【深層レポート】三重県津市の闇 相生町自治会長問題(2)

示現舎取材班 By 示現舎取材班

※アイキャッチ画像は相生町に停められたセンチュリー

津市取材を開始して様々な情報が寄せられたが、我々の一番の疑問はなぜ田邊哲司相生町自治会長が市役所を震わせるほど大きな存在になったのかということだ。そんな折、複数の有力な取材協力者によっておおよその全貌が見えてきた。

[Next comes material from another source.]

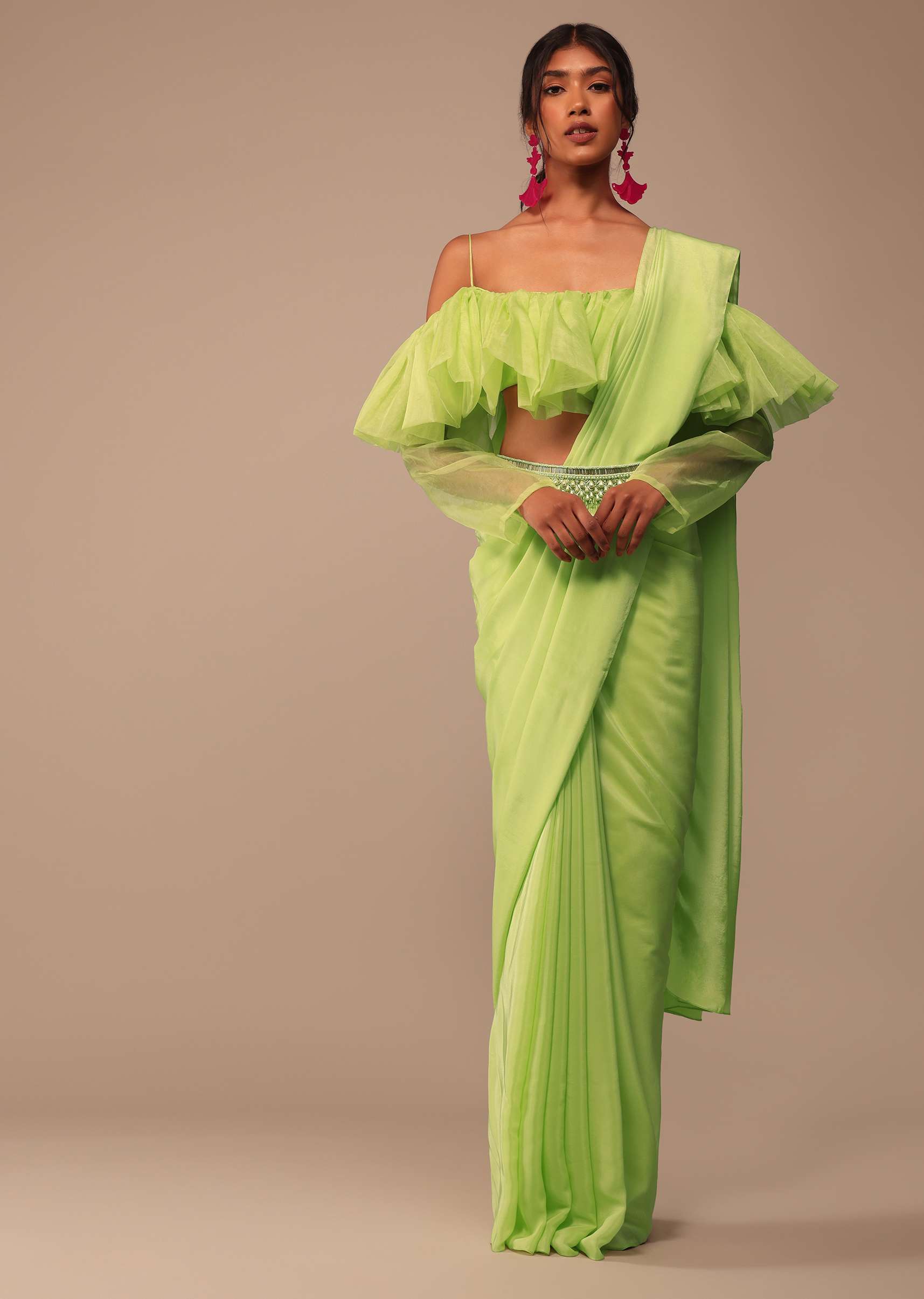 Fern Green Crepe Saree With Organza Frilled Blouse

証言からは田邊会長以前から続く、津市の根深い問題が浮き彫りになった。本稿は証言を元に田邊会長の力の原点に迫る。

田邊会長は現在、60歳。地元、敬和小学校、東橋内中学校を卒業。少なくとも堅気のサラリーマンといった人生を歩んできたわけではない。そんな人物が「市会議員が還暦祝いをしていた」(市関係者)というから出世したものである。田邊会長の父親は愛桜会あいおうかい(現在は弘道会傘下)に属しており、相生町内に田邊組という事務所を構えていたという。絵に描いたようなアウトロー一族である。一方で娘は市立保育園に勤務、息子は津市立の学校教員。子供たちは真っ当な道を歩んでいるようだ。

田邊氏が自治会長になったのは2015年頃のこと。近隣住民は「自治会長を決める総会には出席しとらん。何をやっとるのかオレらには分からんから」という。一応投票らしいものはやったということだが、そもそも自治会長のなり手がおらず、実質1票だけの賛成で決まったという。

相生町周辺の特別な事情

それ以前の田邊氏と言えば付近の道路沿いで飲食店をやっており「たこ焼き屋のおっちゃん」というのが地域の認識であった。そんな人物が行政、議会すら影響を与えるようになった背景を知るためには、相生町とその周辺の同和事業と公共工事の事情を説明しなければならない。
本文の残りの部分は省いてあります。